Apple uses IPS technology in all their products. One of the benefits of IPS is that touching the screen doesn’t cause a color or light shift where pressure is applied. This is something that TN-type displays will show. This makes IPS perfect for touch screens. Apple also uses IPS in their Cinema Displays and iMac displays.

bigpictureCurrently, Apple only sells a 27-inch high-resolution monitor – the 27-inch Cinema Display and 27-inch Thunderbolt Display. The Thunderbolt display is unique in that it can easily connect to a Thunderbolt enabled Mac, either desktop of notebook, using a thin Thunderbolt cable. If you are connecting it to a MacBook (Air or Pro) then there is also a built-in MagSafe power cord that runs power from the monitor to your notebook. This makes the Thunderbolt display ideal for MacBook owners. Just set you notebook down next to the monitor, either opened or closed, and connect the power and display cables. If you also include an Apple Bluetooth keyboard and mouse to this mix and you have a fantastic desktop system with practically no wires.

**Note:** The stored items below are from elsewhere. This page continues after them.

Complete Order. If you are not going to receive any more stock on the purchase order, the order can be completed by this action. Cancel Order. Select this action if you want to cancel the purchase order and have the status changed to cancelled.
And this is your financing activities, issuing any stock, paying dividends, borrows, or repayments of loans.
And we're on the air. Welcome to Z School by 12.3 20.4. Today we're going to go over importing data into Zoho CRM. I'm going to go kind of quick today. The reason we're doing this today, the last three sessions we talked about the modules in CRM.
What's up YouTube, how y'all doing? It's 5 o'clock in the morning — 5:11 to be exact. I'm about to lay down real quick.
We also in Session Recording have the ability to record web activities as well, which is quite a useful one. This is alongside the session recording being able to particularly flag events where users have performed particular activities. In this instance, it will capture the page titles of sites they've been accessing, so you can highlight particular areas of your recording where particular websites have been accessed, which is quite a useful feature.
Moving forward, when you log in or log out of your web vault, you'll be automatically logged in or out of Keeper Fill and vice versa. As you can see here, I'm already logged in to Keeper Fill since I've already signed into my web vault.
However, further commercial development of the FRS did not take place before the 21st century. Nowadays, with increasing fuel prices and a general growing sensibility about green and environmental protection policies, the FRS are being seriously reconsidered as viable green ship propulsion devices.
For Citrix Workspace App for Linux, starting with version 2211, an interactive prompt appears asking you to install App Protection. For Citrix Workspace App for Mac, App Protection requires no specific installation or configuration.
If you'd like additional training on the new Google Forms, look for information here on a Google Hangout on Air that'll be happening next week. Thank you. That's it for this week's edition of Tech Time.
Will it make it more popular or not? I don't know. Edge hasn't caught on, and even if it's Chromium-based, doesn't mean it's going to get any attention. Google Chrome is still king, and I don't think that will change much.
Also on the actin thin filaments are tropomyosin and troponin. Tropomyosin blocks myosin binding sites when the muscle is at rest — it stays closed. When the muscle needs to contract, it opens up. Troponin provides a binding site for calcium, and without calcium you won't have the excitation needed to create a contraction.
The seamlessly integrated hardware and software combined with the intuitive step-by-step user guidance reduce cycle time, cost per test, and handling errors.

But this all does come at a price. The Apple Thunderbolt Display is basically $1000 (well, ok, $999). This is a very high-end monitor at a high-end price. Did I forget to mention that the display has a bevy of extra ports on the back? Three powered USB 2.0 ports, Firewire 800, Gigabit Ethernet port, Kensington lock slot, and another Thunderbolt port. Having these ports allows the display to act as a very expensive docking station. This way when you don’t have to connect everything to you MacBook, just the power and Thunderbolt cable. The Apple 27-inch Cinema Display is essentially the same monitor but without the extra ports. It does however have built-in cables for mini DisplayPort, USB 2.0, and MagSafe power.  While it might not have the extra ports, it does have a built-in iSight camera and microphone. The Apple Cinema Display is also priced at $999.

If a thousand bucks is a bit more than you’d like to spend, I’ve got good news for you. Apple is not the only ones making IPS based monitors. There are some great choices from Dell, HP, LG, Asus, and Monoprice. They also make them in many more sized than Apple’s 27-inch displays.

Dell, HP, LG, Asus, and Monoprice all have a 27-inch IPS model with the same resolution as the Apple Displays - 2560 x 1440. They also have street prices under $700 with the price-champion being the display from Monoprice coming in at under $400. At that price you might think there is something wrong with it. Not really. It has been well reviewed by most of the tech press. It is a very basic monitor when it comes to fit-and-finish and connections. The finish is a very basic black plastic case. There is only one port. It’s a dual-link DVI port. The Dell UltraSharp U2713HM, the HP Smartbuy ZR2740w, and the LG 27EA83R-D all have a nicer build quality and more ports to choose from.

Instead of going with a WQHD resolution you can go with just the standard full HD, which is 1920x1080. This is still a high-resolution screen, especially in the 22 to 24-inch sizes. Dell, HP, LG, Asus, Lenovo, and Acer all have full HD resolution IPS monitors ranging from 21.5 to 27-inches.

My pick for the high-end monitor is the Dell UltraSharp U2713HM with a street price about $650. On the low-end, my pick is the HP Pavilion 23xi with a street price about $225. I really like the HP’s look, which is eerily similar to an iMac. It matches the style of aluminum Macintoshes quite perfectly. And with a price well under $300 is a perfect display to use with a Mac mini.